• _Assigned task_
Pictures are to be dropped, and only the lines from the one containing "unfurnished living room" through the end of the data below are to be reproduced as written.

• _The data_
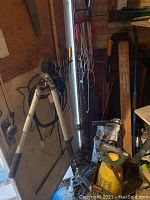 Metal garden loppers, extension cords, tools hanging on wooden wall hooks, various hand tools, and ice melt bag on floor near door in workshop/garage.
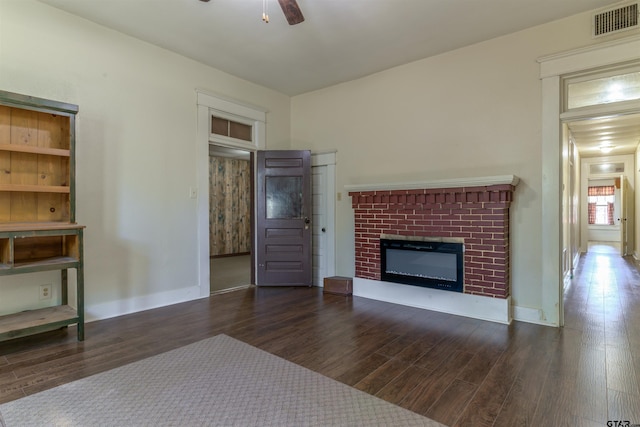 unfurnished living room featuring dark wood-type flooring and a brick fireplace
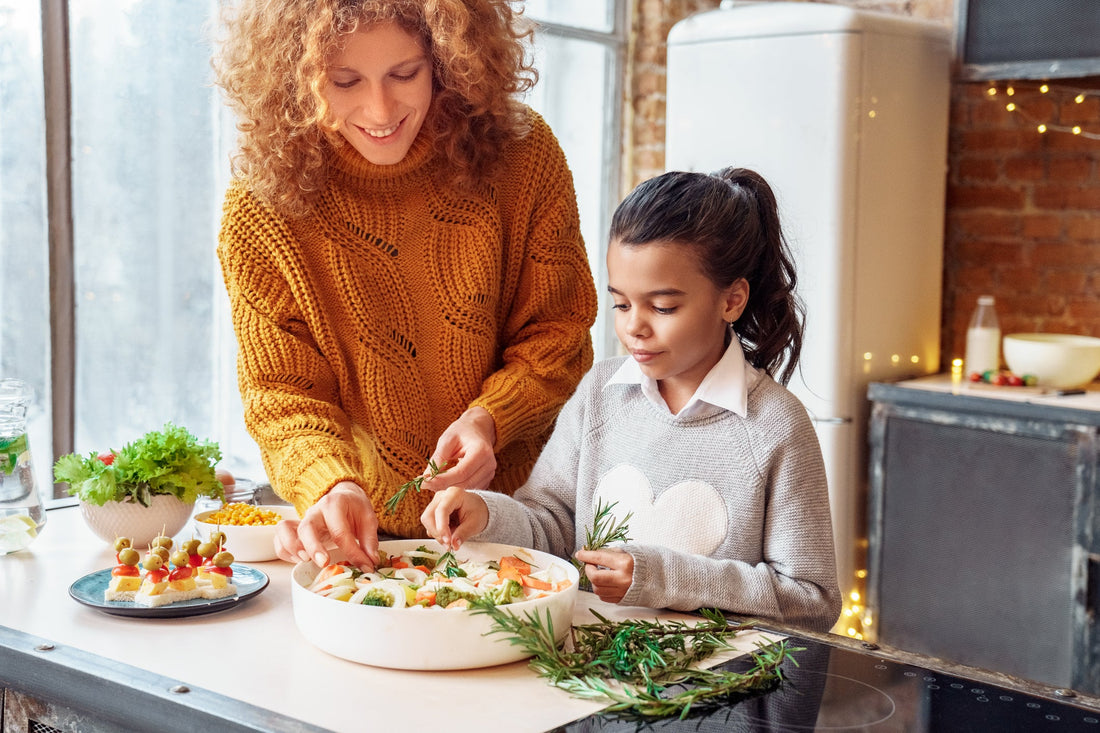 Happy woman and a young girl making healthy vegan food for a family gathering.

• _Solution to this problem_
 unfurnished living room featuring dark wood-type flooring and a brick fireplace
 Happy woman and a young girl making healthy vegan food for a family gathering.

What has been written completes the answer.